Je m’en retournai vers la grande demeure et trouvai le chemin sans encombre. Outre la grande pièce que j’avais déjà traversée, je découvris par une porte ouverte la vaste bibliothèque, dont les rayonnages montaient jusqu’au haut plafond, justifiant une échelle pour atteindre les plus hauts niveaux. Un large escalier de marbre permettait d’accéder aux étages, que je ne me permis pas de visiter. Comme je revenais dans le grand vestibule, je tombai sur Oliver.

— Ce bar est mieux approvisionné que l’autre. Ils ont un pur malt écossais, une merveille.

— Je te remercie, mais je ne bois toujours pas. Betty m’a présenté ses amis, Marvin et Stuart, tu les connais ?

— De parfait connards, arrivistes et arrogants. Imbus de leurs personnes, du fait de la richesse ou de la position de leur famille. Le fils du juge est particulièrement détestable.

— Il m’a proposé de la drogue.

— Oui, ça ne m’étonne pas. Tu es sûre que tu ne veux pas goûter ce nectar ?

— Non, non, je te remercie.
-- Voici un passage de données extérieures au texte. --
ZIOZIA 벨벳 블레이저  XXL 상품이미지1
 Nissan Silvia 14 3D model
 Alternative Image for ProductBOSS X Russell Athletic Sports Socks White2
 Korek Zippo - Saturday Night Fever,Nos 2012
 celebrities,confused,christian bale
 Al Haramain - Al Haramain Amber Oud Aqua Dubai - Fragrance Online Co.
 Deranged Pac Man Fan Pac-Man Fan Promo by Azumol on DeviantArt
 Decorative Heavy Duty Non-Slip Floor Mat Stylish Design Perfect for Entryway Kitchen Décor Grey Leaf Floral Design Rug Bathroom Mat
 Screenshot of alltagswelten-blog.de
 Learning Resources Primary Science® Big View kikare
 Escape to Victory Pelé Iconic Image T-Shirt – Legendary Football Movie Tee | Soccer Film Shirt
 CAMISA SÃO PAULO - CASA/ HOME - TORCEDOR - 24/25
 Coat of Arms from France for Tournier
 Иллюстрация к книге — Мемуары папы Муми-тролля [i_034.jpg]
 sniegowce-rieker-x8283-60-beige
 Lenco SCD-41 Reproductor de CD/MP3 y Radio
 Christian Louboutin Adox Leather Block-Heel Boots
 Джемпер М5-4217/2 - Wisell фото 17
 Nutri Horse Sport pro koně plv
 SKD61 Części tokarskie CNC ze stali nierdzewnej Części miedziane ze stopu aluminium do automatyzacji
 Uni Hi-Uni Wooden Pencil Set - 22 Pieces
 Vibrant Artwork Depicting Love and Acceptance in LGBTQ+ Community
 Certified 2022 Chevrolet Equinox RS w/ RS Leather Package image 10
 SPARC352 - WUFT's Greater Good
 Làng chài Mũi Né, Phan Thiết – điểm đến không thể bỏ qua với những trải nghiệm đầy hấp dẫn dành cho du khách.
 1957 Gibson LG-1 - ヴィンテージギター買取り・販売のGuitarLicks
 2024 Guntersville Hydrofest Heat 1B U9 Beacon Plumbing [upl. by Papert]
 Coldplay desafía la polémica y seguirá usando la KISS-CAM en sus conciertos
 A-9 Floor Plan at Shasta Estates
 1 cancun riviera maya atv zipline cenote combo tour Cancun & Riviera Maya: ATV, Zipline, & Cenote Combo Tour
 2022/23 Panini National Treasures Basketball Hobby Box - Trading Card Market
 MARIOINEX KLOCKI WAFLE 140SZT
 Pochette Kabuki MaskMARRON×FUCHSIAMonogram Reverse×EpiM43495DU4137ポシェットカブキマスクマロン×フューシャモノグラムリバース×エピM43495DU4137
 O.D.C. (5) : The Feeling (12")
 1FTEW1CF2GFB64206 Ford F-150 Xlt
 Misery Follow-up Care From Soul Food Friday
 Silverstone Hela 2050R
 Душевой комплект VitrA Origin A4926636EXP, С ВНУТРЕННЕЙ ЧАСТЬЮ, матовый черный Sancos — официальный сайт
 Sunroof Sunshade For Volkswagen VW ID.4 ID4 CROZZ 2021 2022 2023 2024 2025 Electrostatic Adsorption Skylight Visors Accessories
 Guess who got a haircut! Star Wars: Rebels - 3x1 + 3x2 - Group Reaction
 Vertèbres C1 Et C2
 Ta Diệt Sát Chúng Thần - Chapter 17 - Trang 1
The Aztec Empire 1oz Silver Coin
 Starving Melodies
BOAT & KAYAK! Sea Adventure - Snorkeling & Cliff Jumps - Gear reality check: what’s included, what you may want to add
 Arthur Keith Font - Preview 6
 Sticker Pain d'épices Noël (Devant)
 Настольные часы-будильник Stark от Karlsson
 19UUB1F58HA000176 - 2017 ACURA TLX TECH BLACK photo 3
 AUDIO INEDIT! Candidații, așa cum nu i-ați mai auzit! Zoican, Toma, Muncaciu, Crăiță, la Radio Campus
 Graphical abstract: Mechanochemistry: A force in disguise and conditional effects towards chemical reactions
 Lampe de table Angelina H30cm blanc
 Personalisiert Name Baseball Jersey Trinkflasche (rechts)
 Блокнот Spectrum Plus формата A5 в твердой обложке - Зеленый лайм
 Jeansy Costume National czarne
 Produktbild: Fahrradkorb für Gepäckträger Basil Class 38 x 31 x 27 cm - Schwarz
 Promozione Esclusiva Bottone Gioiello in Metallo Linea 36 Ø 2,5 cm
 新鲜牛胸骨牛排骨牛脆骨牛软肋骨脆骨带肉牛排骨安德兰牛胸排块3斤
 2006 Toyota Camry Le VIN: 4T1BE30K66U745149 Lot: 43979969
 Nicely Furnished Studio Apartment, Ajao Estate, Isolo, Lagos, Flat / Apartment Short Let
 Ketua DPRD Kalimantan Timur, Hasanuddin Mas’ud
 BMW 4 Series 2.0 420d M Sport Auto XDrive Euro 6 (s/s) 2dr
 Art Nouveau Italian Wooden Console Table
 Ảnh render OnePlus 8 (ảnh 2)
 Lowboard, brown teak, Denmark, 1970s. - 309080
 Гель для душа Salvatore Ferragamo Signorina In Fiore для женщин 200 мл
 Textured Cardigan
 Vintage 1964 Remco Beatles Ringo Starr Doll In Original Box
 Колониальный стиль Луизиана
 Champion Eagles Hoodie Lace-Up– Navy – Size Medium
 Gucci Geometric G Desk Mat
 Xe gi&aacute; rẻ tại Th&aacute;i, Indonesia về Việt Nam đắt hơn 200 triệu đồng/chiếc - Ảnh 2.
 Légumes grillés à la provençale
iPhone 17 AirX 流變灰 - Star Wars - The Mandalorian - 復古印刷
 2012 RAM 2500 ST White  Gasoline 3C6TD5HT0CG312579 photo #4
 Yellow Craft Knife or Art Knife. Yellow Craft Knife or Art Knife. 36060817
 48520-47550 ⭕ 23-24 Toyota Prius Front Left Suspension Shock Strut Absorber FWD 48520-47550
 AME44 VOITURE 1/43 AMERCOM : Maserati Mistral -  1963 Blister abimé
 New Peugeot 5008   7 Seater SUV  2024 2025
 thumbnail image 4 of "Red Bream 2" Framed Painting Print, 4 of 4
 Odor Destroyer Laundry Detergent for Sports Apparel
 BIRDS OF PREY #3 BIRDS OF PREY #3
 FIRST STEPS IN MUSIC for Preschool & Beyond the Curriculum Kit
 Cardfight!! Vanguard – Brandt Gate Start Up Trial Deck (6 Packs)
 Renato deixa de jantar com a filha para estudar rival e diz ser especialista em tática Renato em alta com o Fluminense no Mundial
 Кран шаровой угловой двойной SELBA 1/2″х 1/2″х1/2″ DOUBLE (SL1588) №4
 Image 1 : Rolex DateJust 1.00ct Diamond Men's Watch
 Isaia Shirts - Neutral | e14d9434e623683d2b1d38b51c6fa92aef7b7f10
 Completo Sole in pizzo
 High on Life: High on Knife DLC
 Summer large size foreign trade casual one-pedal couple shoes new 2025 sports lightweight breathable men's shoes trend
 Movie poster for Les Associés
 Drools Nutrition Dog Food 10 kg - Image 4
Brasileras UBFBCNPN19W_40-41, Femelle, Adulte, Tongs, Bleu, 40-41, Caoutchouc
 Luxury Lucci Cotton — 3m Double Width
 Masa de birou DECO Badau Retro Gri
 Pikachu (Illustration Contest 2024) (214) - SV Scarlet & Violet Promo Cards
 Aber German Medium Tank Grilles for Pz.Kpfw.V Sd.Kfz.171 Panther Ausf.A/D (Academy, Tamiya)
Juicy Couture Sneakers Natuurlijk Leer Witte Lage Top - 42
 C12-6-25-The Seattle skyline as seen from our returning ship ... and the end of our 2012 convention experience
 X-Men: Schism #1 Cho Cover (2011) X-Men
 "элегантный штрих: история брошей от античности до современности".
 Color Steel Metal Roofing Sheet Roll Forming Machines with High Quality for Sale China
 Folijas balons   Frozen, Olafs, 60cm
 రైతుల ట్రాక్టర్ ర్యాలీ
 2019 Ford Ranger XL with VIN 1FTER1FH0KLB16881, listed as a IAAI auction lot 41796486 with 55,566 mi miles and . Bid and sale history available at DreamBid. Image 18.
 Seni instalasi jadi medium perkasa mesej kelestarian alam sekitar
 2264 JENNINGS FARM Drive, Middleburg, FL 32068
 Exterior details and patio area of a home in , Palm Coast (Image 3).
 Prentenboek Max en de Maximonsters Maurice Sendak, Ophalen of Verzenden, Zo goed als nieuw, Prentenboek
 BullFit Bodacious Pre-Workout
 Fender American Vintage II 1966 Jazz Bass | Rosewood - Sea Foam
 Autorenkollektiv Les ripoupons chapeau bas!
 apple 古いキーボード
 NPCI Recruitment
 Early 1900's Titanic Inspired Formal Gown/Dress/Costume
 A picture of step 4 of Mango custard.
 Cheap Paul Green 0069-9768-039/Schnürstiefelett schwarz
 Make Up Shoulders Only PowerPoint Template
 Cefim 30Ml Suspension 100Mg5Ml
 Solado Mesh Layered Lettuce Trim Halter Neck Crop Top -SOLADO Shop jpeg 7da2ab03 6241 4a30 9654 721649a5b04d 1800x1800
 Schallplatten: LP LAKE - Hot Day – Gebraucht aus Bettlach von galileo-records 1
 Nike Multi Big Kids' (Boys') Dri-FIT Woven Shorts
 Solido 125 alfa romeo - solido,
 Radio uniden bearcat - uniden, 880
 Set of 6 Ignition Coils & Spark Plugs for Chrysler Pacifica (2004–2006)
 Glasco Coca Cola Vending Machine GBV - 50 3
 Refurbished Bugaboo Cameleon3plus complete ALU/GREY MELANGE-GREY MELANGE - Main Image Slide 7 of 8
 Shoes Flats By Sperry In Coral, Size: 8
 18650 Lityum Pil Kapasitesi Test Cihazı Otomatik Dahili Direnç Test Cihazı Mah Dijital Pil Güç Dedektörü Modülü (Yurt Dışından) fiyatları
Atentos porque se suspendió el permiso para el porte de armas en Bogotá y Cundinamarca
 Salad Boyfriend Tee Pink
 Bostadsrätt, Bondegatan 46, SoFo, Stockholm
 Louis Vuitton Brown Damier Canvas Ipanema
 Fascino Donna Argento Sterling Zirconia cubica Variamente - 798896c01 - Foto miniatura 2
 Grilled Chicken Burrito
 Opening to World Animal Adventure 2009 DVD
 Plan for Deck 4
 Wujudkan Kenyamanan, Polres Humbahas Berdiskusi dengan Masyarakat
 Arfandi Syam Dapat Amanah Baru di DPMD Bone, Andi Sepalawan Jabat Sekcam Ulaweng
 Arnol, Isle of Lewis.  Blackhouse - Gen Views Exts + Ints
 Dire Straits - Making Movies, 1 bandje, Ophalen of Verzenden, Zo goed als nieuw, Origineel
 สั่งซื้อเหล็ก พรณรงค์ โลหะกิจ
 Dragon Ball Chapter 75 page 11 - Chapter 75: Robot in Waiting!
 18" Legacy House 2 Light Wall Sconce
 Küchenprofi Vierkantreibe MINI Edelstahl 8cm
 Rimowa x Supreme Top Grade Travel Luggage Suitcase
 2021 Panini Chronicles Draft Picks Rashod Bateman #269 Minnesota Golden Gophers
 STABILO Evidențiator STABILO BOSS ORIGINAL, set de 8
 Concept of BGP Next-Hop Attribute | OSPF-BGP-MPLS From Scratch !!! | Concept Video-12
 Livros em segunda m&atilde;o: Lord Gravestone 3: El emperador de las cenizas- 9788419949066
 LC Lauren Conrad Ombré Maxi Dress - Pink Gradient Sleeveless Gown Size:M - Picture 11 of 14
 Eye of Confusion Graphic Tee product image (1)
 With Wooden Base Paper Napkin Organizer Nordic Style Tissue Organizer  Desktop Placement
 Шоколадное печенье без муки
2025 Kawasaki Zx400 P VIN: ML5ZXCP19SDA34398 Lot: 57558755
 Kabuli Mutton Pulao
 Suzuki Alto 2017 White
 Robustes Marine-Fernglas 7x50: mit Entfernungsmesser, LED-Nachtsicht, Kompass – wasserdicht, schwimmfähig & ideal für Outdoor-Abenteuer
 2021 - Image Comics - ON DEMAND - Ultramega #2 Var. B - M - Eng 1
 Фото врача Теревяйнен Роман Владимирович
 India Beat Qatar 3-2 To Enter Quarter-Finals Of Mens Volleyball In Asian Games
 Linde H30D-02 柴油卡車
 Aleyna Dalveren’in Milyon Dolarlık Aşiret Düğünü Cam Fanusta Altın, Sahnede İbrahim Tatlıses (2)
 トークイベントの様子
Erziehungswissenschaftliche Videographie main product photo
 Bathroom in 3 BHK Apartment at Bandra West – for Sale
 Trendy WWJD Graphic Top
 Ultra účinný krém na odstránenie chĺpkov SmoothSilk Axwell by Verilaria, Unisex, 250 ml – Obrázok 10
Je crois que je commence à comprendre ce que tu voulais dire tout à l’heure.

— Qu’est-ce que j’ai dit ? J’ai bu deux ou trois verres depuis ce moment.

— Tu m’as demandé si je savais pourquoi Betty m’avait invitée.

— Ah oui, en effet. C’est une bonne question, n’est-ce pas. Tu as trouvé la réponse ?

— Je ne sais pas. Quand Betty m’a présenté ses amis, j’ai eu l’impression d’être une bête de cirque ou même sur le marché aux esclaves.

— Je vois que tu as compris la mentalité du Sud. J’ai beau être blanc, mon père n’est qu’un modeste fonctionnaire à leurs yeux, même s’il a été élu. Il n’est là, selon eux, que pour servir leurs intérêts, et moi par conséquence, je dois également contribuer à cet objectif. Au risque de paraître terriblement cynique, mais je sais que je le suis, je crois que tu as parfaitement compris la situation. Regarde-toi, tu es terriblement séduisante, même dans cette robe quelconque, tu représentes une forme d’interdit, de tabou. Comme leurs aïeux, ils veulent s’encanailler avec des femmes noires, excuse mon parler direct, sans conséquence pour eux.

— Mais ce n’est pas possible, Betty n’est pas comme ça.

— Est-ce que tu la connais si bien que ça ?

— Elle est à GW Carver où presque tous les élèves sont noirs.

— Son père est un type bien, ce qui est plutôt rare dans le microcosme de Montgomery, mais je ne crois pas qu’il obtienne un résultat significatif avec sa fille. Malheureusement comme je te l’ai dit, je n’ai aucune illusion sur ce monde.

— Tu es un drôle de type, Oliver, et j’espère que tu te trompes, mais je te remercie de me parler ainsi.

— Personne d’autre ne le fera ici, mais pense à ce que je t’ai dit. Peut-être que ça t’évitera des désillusions.